--- What the task requires ---
Copy out the full listing below as it stands, with its pictures left behind.

Start of Given information

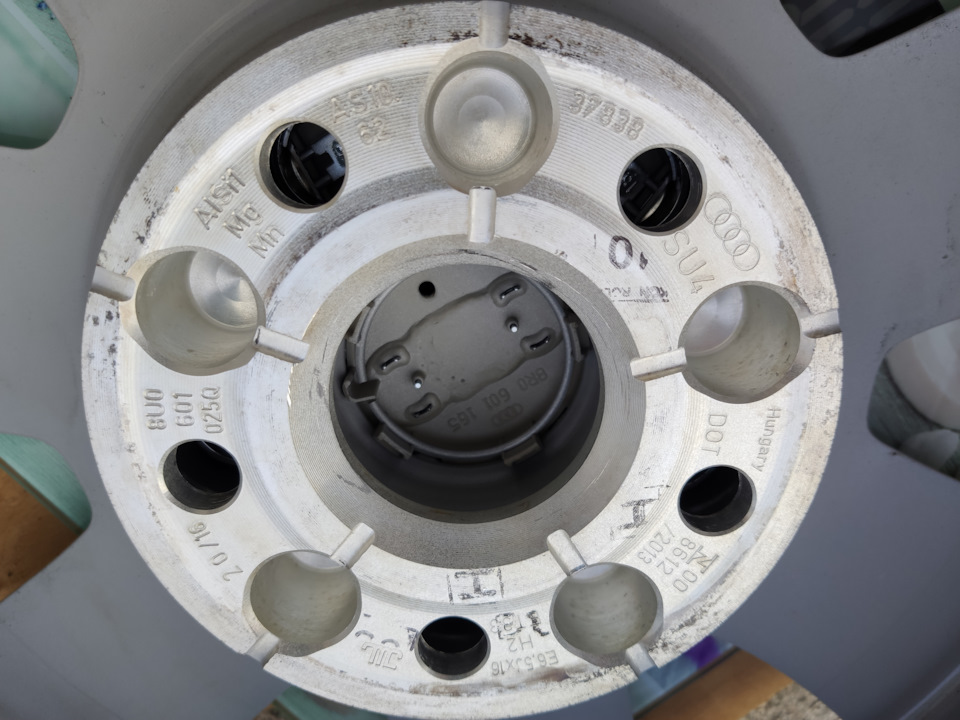Підготовка до зими, диски r16 8U0601025Q 2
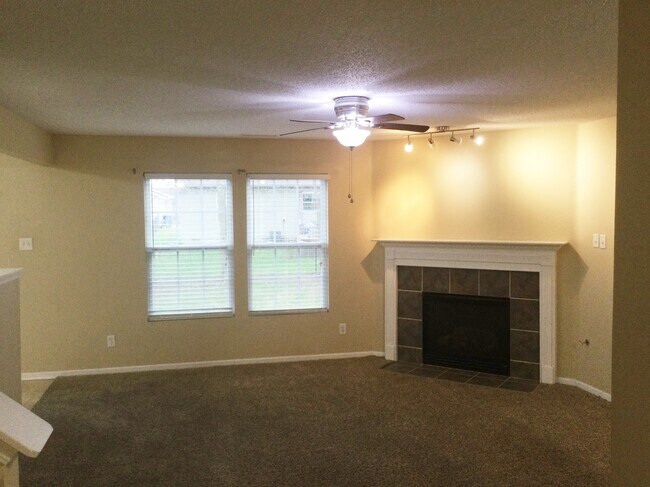 Foto del edificio - 1071 Highpointe Boulevard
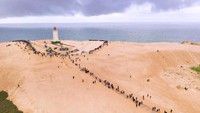 Dulu waktu dibangun tahun 1900, mercusuar berjarak 200 meter dari bibir pantai. Tapi karena abrasi, jaraknya sekarang tinggal 6 meteran saja, maka dari itu mercusuar dipindahkan. (AFP/Getty Images)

End of Given information

--- Response area ---
Підготовка до зими, диски r16 8U0601025Q 2
 Foto del edificio - 1071 Highpointe Boulevard
 Dulu waktu dibangun tahun 1900, mercusuar berjarak 200 meter dari bibir pantai. Tapi karena abrasi, jaraknya sekarang tinggal 6 meteran saja, maka dari itu mercusuar dipindahkan. (AFP/Getty Images)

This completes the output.